### DATA SHOWN
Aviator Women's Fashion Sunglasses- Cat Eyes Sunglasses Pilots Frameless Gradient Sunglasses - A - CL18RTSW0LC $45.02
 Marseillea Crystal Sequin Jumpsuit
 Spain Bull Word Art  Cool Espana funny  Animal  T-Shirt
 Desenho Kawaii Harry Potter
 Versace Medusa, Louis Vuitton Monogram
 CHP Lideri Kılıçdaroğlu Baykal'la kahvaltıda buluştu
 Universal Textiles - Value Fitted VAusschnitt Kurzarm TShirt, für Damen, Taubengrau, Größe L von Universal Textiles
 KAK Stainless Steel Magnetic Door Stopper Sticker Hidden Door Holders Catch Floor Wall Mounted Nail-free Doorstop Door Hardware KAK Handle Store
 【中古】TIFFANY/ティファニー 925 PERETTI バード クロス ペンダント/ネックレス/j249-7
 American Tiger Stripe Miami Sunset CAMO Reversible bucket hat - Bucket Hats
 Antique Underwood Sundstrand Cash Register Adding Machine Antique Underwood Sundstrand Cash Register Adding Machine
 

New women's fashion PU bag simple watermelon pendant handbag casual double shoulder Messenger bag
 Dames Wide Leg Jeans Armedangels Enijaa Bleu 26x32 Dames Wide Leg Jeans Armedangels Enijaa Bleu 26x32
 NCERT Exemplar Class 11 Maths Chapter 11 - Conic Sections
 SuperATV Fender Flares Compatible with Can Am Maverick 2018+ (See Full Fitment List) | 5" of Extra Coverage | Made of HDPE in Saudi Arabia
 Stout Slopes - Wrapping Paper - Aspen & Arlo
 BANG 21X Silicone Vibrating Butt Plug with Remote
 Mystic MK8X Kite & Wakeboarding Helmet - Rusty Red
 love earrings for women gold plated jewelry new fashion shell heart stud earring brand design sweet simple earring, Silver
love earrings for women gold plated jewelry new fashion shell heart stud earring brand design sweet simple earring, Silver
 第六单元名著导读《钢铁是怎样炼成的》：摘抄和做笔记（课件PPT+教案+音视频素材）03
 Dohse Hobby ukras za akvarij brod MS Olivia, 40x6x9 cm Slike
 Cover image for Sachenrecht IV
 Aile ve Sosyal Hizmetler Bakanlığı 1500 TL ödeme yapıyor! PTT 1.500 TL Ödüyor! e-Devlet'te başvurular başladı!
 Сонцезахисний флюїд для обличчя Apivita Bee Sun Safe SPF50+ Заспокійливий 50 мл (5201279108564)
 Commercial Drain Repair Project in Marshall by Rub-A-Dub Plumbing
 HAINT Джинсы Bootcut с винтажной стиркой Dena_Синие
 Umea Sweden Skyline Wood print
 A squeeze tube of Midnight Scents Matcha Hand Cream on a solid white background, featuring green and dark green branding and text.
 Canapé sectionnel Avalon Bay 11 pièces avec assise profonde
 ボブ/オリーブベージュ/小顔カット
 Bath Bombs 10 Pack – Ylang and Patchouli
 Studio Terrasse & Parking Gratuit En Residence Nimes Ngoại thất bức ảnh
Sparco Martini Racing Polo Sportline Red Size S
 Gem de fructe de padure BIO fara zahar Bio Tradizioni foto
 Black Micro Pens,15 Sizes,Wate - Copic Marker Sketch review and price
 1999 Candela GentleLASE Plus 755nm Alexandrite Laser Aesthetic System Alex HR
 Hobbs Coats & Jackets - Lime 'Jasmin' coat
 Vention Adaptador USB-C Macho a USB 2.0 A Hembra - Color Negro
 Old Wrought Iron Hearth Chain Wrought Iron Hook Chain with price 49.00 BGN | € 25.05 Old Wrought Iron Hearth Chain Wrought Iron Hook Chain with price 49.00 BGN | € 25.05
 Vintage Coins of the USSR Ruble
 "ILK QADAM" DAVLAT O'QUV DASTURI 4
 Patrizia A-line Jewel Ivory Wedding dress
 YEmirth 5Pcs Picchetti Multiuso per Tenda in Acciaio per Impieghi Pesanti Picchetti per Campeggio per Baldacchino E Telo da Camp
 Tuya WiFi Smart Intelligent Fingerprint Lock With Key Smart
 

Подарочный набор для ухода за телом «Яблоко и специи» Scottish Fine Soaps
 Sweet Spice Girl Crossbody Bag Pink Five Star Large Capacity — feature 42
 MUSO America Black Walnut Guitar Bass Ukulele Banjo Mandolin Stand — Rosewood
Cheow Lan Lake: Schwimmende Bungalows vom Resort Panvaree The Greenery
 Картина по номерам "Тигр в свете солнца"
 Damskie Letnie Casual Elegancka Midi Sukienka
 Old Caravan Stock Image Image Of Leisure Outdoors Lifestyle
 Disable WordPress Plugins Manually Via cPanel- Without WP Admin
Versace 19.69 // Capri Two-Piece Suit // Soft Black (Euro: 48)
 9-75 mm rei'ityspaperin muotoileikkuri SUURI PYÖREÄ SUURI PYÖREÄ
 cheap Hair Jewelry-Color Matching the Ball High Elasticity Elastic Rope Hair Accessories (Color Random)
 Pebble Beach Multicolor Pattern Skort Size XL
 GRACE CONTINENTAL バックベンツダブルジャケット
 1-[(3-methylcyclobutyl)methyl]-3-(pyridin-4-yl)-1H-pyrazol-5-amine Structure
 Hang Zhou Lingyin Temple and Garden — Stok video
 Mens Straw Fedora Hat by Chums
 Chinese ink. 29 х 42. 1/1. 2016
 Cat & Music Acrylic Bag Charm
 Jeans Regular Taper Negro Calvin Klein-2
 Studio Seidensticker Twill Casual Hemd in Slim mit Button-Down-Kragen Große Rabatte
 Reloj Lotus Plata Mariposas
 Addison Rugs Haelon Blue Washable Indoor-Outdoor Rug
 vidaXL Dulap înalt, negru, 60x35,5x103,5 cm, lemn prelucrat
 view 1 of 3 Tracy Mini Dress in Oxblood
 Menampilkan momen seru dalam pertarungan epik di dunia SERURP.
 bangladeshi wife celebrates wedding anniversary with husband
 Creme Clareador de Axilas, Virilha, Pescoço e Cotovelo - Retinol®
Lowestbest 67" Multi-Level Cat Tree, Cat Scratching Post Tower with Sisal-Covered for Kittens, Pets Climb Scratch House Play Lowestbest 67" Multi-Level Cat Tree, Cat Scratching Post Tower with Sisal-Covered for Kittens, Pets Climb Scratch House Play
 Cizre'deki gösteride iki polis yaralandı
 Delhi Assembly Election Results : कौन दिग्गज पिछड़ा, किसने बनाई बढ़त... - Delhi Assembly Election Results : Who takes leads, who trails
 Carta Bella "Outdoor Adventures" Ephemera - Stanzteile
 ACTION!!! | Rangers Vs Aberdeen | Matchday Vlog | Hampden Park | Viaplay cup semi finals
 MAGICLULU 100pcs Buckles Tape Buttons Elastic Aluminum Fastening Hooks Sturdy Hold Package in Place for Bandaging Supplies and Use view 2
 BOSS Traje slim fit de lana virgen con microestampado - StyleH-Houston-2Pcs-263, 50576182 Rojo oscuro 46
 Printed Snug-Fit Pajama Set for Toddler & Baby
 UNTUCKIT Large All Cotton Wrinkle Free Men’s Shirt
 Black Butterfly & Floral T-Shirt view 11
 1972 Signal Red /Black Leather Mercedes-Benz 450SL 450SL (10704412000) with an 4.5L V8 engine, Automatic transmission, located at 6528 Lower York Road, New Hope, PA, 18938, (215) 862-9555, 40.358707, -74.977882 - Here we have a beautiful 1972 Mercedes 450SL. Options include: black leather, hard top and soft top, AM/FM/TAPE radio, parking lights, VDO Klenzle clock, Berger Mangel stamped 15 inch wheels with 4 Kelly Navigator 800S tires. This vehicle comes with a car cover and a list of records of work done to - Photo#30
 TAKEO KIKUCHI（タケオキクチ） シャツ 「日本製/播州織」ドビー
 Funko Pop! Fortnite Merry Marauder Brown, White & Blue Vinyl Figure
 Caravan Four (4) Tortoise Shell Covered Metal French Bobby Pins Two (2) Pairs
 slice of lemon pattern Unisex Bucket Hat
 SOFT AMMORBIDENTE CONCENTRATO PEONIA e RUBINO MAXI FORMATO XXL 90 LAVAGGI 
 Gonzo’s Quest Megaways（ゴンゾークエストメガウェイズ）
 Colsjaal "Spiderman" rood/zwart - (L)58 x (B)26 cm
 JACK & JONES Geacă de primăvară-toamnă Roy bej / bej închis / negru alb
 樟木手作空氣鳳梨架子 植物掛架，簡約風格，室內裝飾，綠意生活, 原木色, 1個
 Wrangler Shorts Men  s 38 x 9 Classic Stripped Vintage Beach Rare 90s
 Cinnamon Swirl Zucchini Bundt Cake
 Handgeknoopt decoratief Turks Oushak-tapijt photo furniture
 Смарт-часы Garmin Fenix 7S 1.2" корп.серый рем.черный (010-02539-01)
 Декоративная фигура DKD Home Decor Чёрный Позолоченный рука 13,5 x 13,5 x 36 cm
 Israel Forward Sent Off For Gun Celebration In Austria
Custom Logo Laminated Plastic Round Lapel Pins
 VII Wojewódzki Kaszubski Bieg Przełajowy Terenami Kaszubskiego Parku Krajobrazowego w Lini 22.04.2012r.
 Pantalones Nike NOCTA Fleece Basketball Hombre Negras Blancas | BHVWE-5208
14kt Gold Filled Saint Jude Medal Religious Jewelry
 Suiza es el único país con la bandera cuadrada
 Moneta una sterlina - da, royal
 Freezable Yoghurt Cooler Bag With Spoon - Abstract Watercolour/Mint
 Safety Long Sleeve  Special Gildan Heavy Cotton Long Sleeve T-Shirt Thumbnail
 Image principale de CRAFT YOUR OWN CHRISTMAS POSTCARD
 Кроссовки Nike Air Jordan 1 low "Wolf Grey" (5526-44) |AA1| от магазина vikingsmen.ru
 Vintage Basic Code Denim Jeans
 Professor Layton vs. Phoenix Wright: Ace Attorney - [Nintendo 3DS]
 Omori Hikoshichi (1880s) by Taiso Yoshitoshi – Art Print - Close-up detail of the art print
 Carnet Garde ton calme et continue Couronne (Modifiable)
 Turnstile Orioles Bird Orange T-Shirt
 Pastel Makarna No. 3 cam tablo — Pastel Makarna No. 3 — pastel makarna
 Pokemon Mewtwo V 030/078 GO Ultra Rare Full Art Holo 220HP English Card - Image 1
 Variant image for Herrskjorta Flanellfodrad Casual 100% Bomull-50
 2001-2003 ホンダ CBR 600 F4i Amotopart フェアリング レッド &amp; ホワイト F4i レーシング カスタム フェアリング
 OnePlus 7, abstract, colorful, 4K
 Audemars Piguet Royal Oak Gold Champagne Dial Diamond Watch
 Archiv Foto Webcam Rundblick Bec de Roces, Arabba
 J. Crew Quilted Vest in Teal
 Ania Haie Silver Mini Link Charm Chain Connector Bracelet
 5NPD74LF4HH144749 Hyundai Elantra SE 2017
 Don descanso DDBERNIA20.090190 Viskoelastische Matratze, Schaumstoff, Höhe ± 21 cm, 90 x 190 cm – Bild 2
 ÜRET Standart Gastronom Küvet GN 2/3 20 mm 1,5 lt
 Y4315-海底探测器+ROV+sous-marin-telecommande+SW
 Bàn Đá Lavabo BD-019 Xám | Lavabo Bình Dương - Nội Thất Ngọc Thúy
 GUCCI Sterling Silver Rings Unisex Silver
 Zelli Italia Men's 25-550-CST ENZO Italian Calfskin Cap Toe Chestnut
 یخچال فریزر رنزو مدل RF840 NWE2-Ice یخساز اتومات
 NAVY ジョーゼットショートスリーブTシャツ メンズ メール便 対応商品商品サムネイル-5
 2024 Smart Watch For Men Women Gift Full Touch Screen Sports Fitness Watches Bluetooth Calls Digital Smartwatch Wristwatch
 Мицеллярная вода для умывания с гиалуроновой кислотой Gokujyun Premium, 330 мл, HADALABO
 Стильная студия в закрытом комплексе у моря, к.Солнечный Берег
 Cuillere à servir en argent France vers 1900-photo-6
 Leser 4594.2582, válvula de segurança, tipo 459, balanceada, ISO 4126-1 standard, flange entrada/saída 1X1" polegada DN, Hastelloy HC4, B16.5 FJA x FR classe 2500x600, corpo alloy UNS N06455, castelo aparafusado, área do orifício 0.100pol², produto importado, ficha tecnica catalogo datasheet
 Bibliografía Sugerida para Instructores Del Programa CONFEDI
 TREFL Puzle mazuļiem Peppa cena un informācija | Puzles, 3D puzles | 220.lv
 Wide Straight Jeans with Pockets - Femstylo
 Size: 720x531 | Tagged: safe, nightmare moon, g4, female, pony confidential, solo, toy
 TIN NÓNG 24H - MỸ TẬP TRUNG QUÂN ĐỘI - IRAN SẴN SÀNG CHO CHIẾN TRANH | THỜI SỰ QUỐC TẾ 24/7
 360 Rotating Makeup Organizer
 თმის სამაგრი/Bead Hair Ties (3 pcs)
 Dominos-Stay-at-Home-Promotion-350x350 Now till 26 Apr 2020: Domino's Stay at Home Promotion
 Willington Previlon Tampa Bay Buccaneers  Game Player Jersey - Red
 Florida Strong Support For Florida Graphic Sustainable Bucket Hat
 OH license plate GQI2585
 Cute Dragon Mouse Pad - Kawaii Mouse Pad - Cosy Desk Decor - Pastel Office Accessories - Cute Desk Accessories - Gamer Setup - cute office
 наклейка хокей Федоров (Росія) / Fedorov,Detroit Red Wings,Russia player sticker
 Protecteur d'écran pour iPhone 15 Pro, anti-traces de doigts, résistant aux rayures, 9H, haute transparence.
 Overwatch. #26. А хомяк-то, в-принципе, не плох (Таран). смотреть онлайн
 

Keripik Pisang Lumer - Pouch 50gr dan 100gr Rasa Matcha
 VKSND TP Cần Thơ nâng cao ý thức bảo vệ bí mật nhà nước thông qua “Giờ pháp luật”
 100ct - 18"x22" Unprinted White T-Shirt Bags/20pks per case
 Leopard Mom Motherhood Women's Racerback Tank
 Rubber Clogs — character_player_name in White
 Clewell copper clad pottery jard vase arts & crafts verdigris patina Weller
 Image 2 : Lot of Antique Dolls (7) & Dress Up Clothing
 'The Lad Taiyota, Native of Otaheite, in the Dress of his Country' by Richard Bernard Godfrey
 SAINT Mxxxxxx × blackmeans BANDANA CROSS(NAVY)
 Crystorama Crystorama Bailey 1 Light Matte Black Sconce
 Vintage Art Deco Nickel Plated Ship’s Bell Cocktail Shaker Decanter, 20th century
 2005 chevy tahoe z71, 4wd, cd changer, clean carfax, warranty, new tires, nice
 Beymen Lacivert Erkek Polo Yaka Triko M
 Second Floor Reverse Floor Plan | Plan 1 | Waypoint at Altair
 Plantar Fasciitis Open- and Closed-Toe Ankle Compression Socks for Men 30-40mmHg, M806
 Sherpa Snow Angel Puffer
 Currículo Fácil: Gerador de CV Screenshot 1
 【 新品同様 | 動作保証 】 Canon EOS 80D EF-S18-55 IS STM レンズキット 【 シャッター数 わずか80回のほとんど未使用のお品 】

### EXERCISE PROMPT
In the entries above, the lines from the one bearing "Studio Seidensticker Twill" up to and including the one bearing "(L)58 x (B)26 cm" should be transcribed exactly; no other line is wanted.

### TASK ANSWER
 Studio Seidensticker Twill Casual Hemd in Slim mit Button-Down-Kragen Große Rabatte
 Reloj Lotus Plata Mariposas
 Addison Rugs Haelon Blue Washable Indoor-Outdoor Rug
 vidaXL Dulap înalt, negru, 60x35,5x103,5 cm, lemn prelucrat
 view 1 of 3 Tracy Mini Dress in Oxblood
 Menampilkan momen seru dalam pertarungan epik di dunia SERURP.
 bangladeshi wife celebrates wedding anniversary with husband
 Creme Clareador de Axilas, Virilha, Pescoço e Cotovelo - Retinol®
Lowestbest 67" Multi-Level Cat Tree, Cat Scratching Post Tower with Sisal-Covered for Kittens, Pets Climb Scratch House Play Lowestbest 67" Multi-Level Cat Tree, Cat Scratching Post Tower with Sisal-Covered for Kittens, Pets Climb Scratch House Play
 Cizre'deki gösteride iki polis yaralandı
 Delhi Assembly Election Results : कौन दिग्गज पिछड़ा, किसने बनाई बढ़त... - Delhi Assembly Election Results : Who takes leads, who trails
 Carta Bella "Outdoor Adventures" Ephemera - Stanzteile
 ACTION!!! | Rangers Vs Aberdeen | Matchday Vlog | Hampden Park | Viaplay cup semi finals
 MAGICLULU 100pcs Buckles Tape Buttons Elastic Aluminum Fastening Hooks Sturdy Hold Package in Place for Bandaging Supplies and Use view 2
 BOSS Traje slim fit de lana virgen con microestampado - StyleH-Houston-2Pcs-263, 50576182 Rojo oscuro 46
 Printed Snug-Fit Pajama Set for Toddler & Baby
 UNTUCKIT Large All Cotton Wrinkle Free Men’s Shirt
 Black Butterfly & Floral T-Shirt view 11
 1972 Signal Red /Black Leather Mercedes-Benz 450SL 450SL (10704412000) with an 4.5L V8 engine, Automatic transmission, located at 6528 Lower York Road, New Hope, PA, 18938, (215) 862-9555, 40.358707, -74.977882 - Here we have a beautiful 1972 Mercedes 450SL. Options include: black leather, hard top and soft top, AM/FM/TAPE radio, parking lights, VDO Klenzle clock, Berger Mangel stamped 15 inch wheels with 4 Kelly Navigator 800S tires. This vehicle comes with a car cover and a list of records of work done to - Photo#30
 TAKEO KIKUCHI（タケオキクチ） シャツ 「日本製/播州織」ドビー
 Funko Pop! Fortnite Merry Marauder Brown, White & Blue Vinyl Figure
 Caravan Four (4) Tortoise Shell Covered Metal French Bobby Pins Two (2) Pairs
 slice of lemon pattern Unisex Bucket Hat
 SOFT AMMORBIDENTE CONCENTRATO PEONIA e RUBINO MAXI FORMATO XXL 90 LAVAGGI 
 Gonzo’s Quest Megaways（ゴンゾークエストメガウェイズ）
 Colsjaal "Spiderman" rood/zwart - (L)58 x (B)26 cm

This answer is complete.